Work required:
Repeat the data that follows exactly, starting at the line with "Volare miracle cruiser" and ending at the line with "CLUB / ビバリーヒルズポロクラブ】 モヘアライクシャギーニットルーズカーディガン/アンサンブル対応", and leave out every picture.

Entries shown:
──────────────────────────────

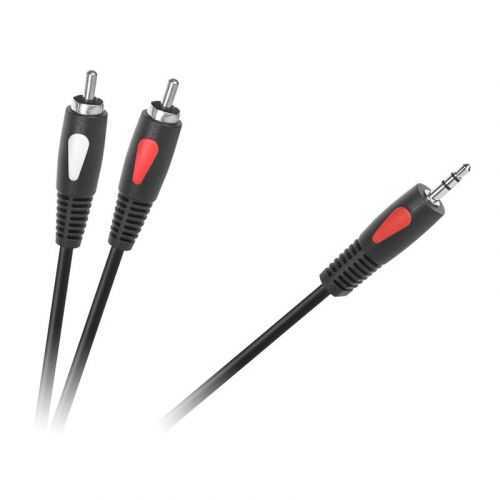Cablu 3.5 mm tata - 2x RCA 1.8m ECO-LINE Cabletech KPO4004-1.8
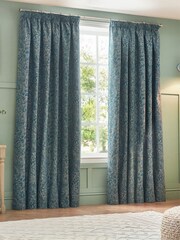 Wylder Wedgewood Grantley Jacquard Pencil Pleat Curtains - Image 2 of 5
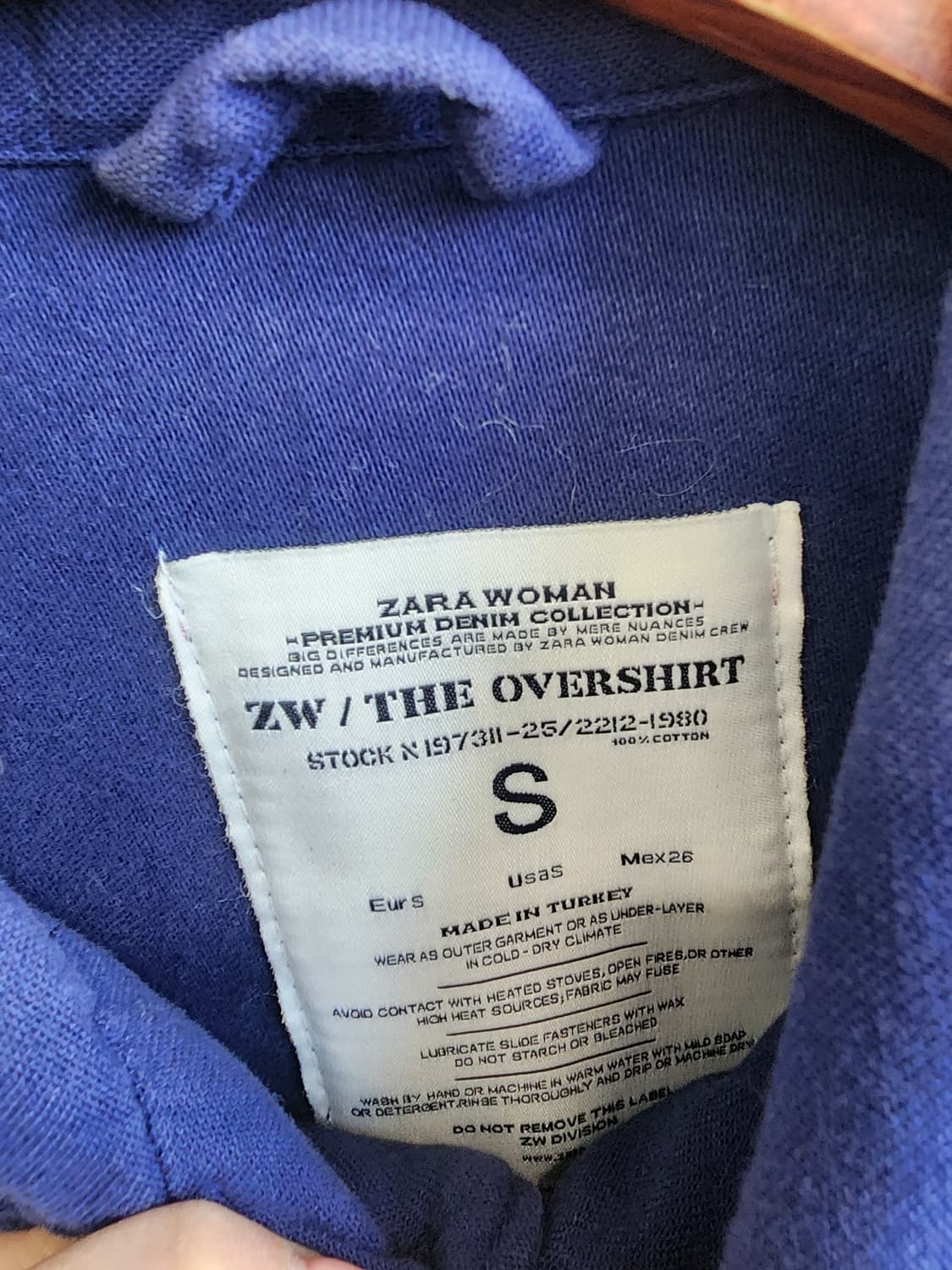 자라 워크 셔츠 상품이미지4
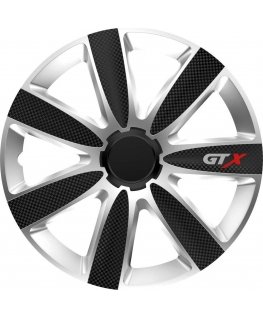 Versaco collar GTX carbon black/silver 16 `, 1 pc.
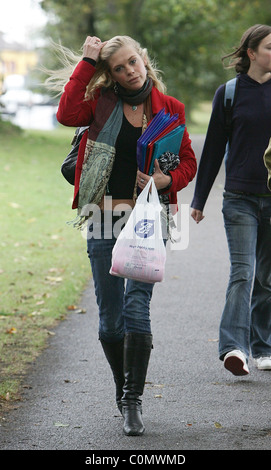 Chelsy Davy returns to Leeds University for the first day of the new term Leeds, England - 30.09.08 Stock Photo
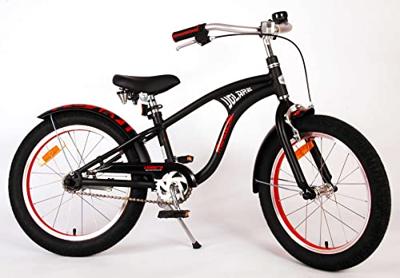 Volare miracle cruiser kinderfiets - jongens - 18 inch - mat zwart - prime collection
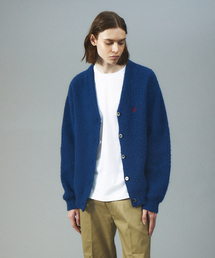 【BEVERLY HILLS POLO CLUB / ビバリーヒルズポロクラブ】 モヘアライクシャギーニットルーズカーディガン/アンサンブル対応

──────────────────────────────

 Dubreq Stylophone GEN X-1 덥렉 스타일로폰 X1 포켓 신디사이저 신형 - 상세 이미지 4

──────────────────────────────

Answer area:
 Volare miracle cruiser kinderfiets - jongens - 18 inch - mat zwart - prime collection
 【BEVERLY HILLS POLO CLUB / ビバリーヒルズポロクラブ】 モヘアライクシャギーニットルーズカーディガン/アンサンブル対応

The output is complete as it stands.